◆ Data shown ◆
Segment Open
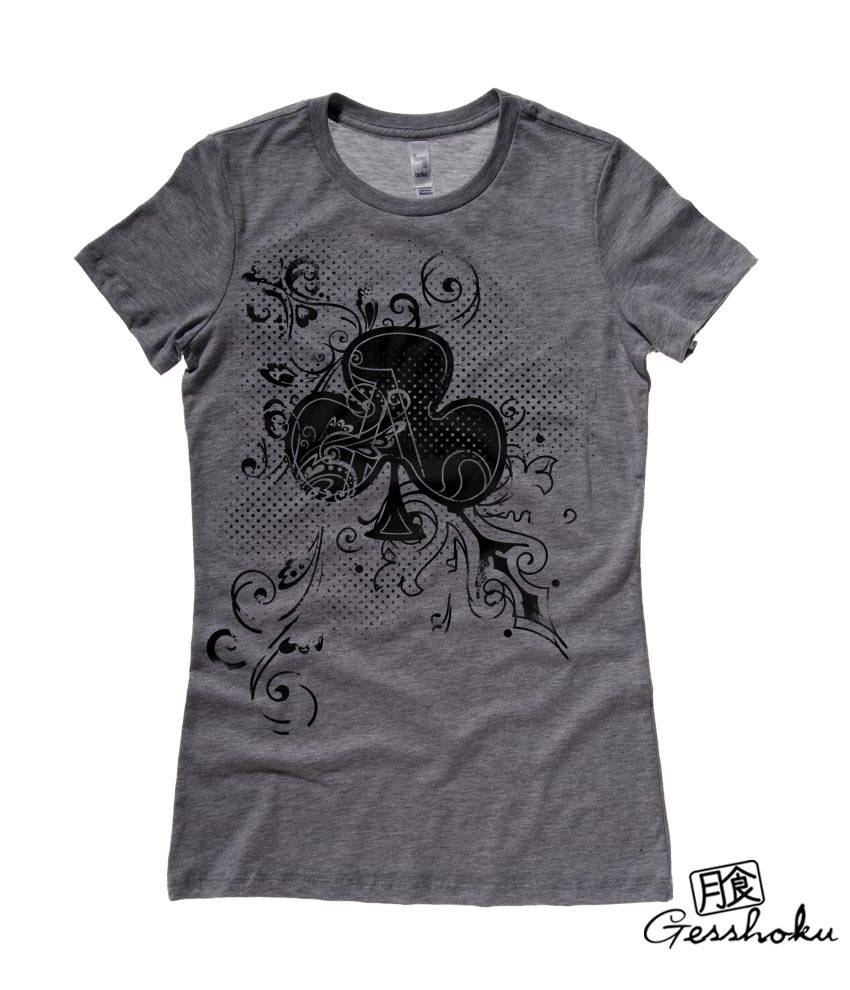 Ace of Clovers Ladies T-shirt - Charcoal Grey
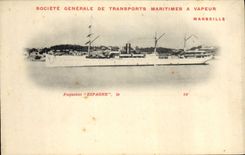CPA Bateau Paquebot Societe generale de Transports maritimes a vapeur Espagne Marseille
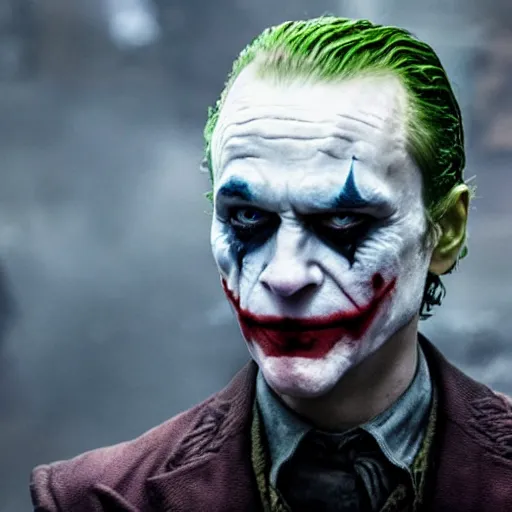 Image similar to the joker in game of thrones, 4 k, epic, cinematic, focus, movie still, serious, extreme detail, atmospheric, dark colour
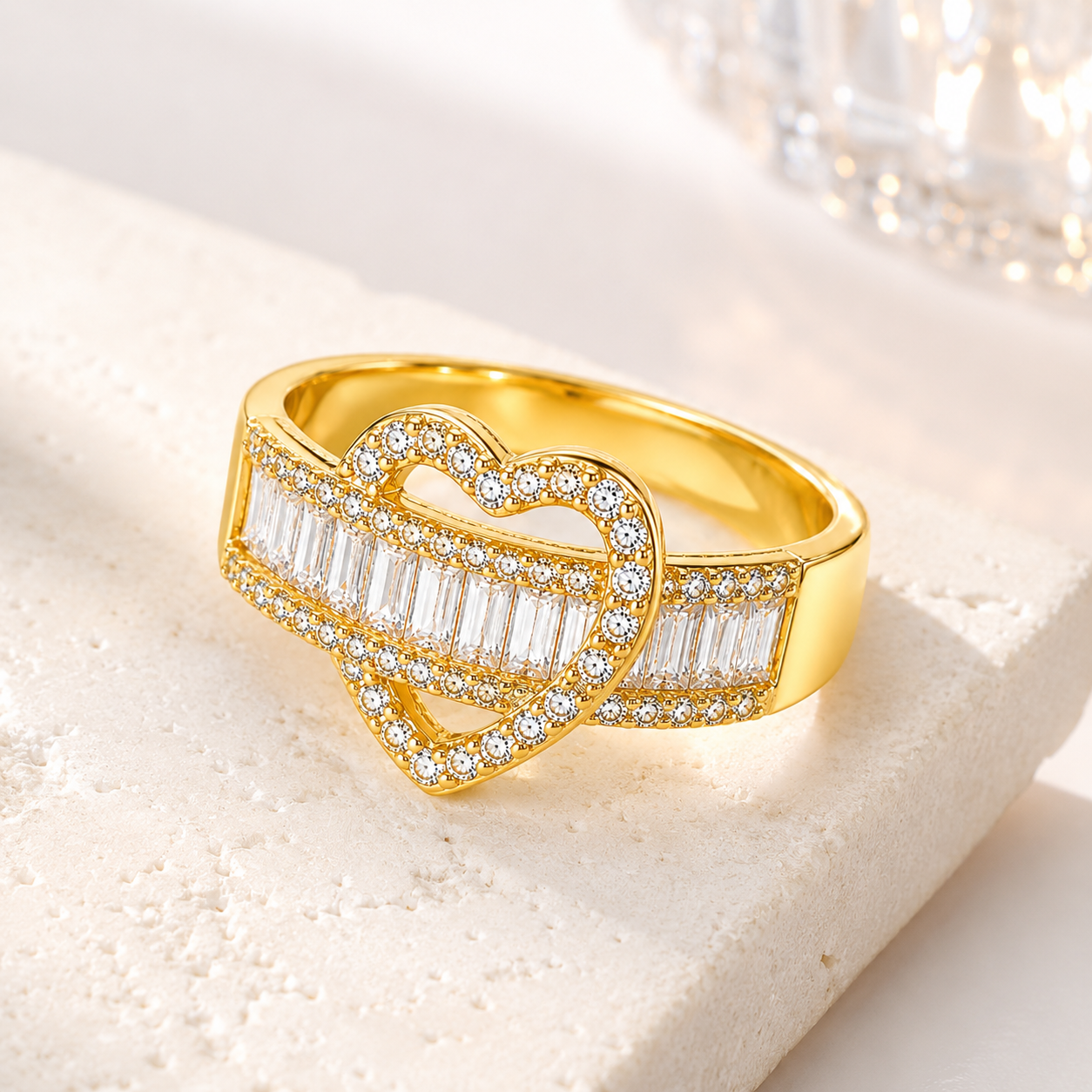 Open Heart Crystal Ring – Adjustable Gold-Plated Ring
Segment Closed
Everything from the line containing "CPA Bateau Paquebot" to the last line of the listing above must be reproduced exactly, with no pictures included.

◆ Response to the exercise ◆
CPA Bateau Paquebot Societe generale de Transports maritimes a vapeur Espagne Marseille
 Image similar to the joker in game of thrones, 4 k, epic, cinematic, focus, movie still, serious, extreme detail, atmospheric, dark colour
 Open Heart Crystal Ring – Adjustable Gold-Plated Ring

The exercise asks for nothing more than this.